Sorry - here's the actual text that should have been in my last (empty) post
This is a post of an offline email I sent to the team yesterday, with cc to you. I'm posting it here for two reasons.
First, so that it can be more easily referenced later if need be.
Second, because the reported results shows that there's no point in trying to reach any final conclusions from intra-fold significance analysis (e.g. as in my last post) until significance analysis has been done for all folds - otherwise, any intra-fold conclusions may simply not be sufficently generalizable.
Off-line email (7/10/2011):
[Note to Ray Koopman: the following will be of interest to you primarily because it explains the "mystery" of why our driver based on "u" was not as strong as our driver based on "e" when we did our logistic regressions on yields from AML's programs]

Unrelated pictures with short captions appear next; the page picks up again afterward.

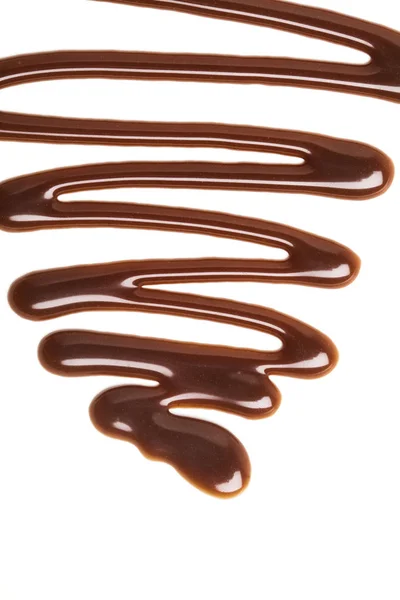 Ondulation de sauce au caramel au chocolat sur fond blanc uni — Photo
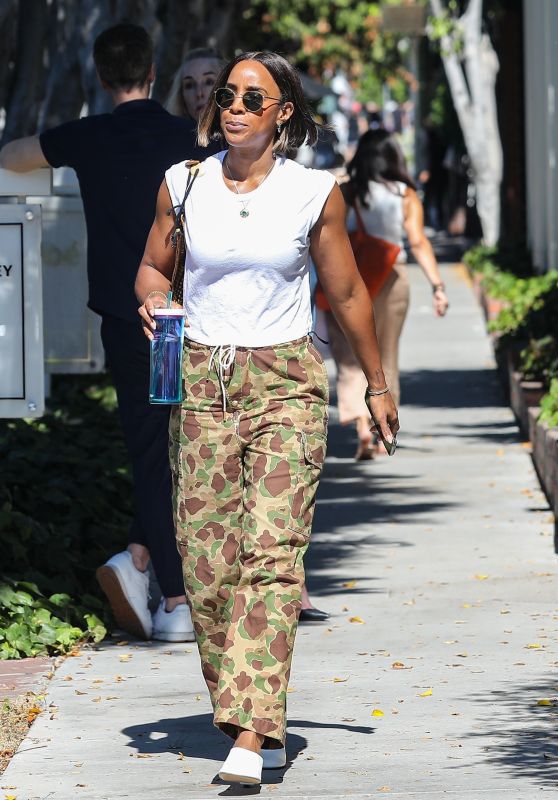 Kelly Rowland in Camouflaged Colored Pants, White Top and White Sandals Shopping on Melrose in LA 07/20/2023
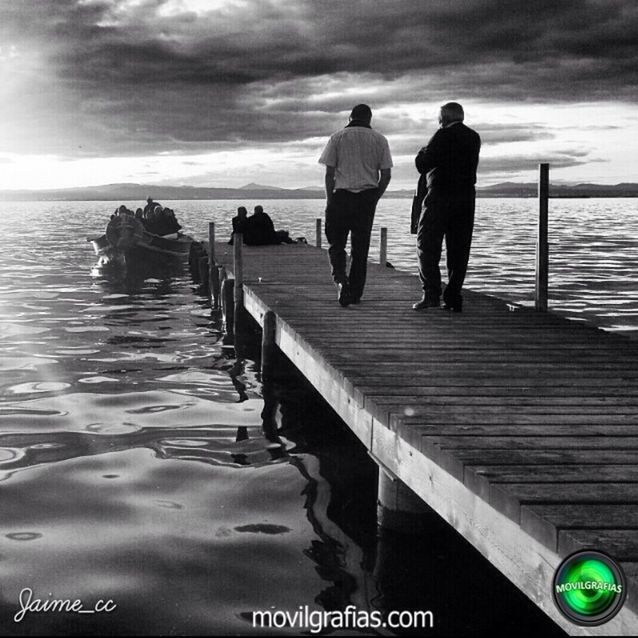 water, sea, men, sky, lifestyles, cloud - sky, leisure activity, rear view, pier, person, walking, standing, togetherness, full length, cloudy, beach, railing, nature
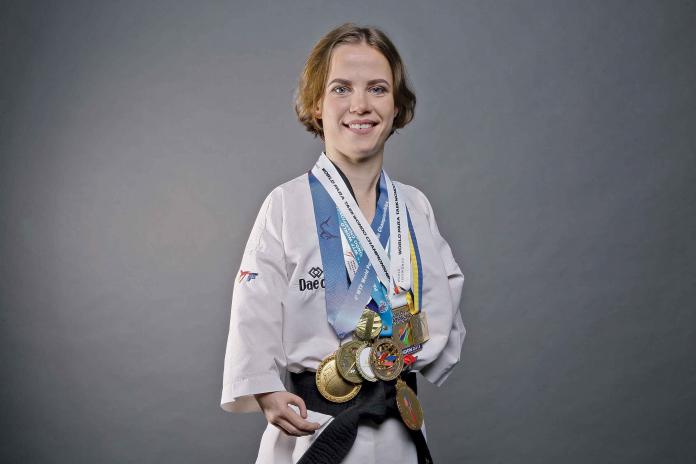 Female taekwondo fighter smiles with lots of medals around her neck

[Note to Robert Lewis: the following will be of interest to you only because it greatly strengthens the case that AT LEAST one pair of linear regressions informs the over all system]
I have now completed Ray's approved test protocol on folds a1/a3/b1 (1728 out of 3456 regressions) and the data yield the following 3 results in a completely unambiguous manner, with possibles avenues of protest available to statistical referees greatly reduced due to a "signficcance-reduction" technique called the "Bonferroni correction" which Ray deliberately built into the proticol.
Results ACROSS ALL THREE FOLDS:
1) we get our linear regression involvoing the ENTHALPIC level of dicodons if and only if we use our original set of 63 dicodons;
2) iwe get out linear regression involving the REPRESENTATION level of dicodons if and only if we use the augmented set of 119 dicodons containing the original 63 PLUSs their stop-free reverse complements (MINUS four duplicates, i.e. 119 = 123 - 4.)
3) we get neither regression if we use just the set of 60 stop-free dicodons that are the reverse complements (and therefore, the energetic equivalents) of the 63.
These results raise the question of why we must augment the original 63 with their non-duplicatory stop-free reverse dicomplements in order to obtain our linear regression on REPRESENTAION level, but not our linear regression on ENTHALPIC level.
And of course, one answer to this question is that the data contain inverted repeats in which the 63 original dicodons and their stop-free reverse complements figure heavily.
Fortunately, we can use a portion of our existing test protocol to investigate this possibility - if we see more inverted repeats using the set of 119 dicodons than using the natural alternative group of 1058 dicodons which encode the same 82 dipeptides, then we will know that inverted repeats are contributing to result (2) noted above ...
If this investigation yields the desired result, then this result would certainly be an item to include in Paper I, along with the central notion of "bounds on mutation" implied by our regressions. (And any results we may get related our 63 dicodons to hexnucleotides in eukaryotic promoters, as discussed in a prior email.)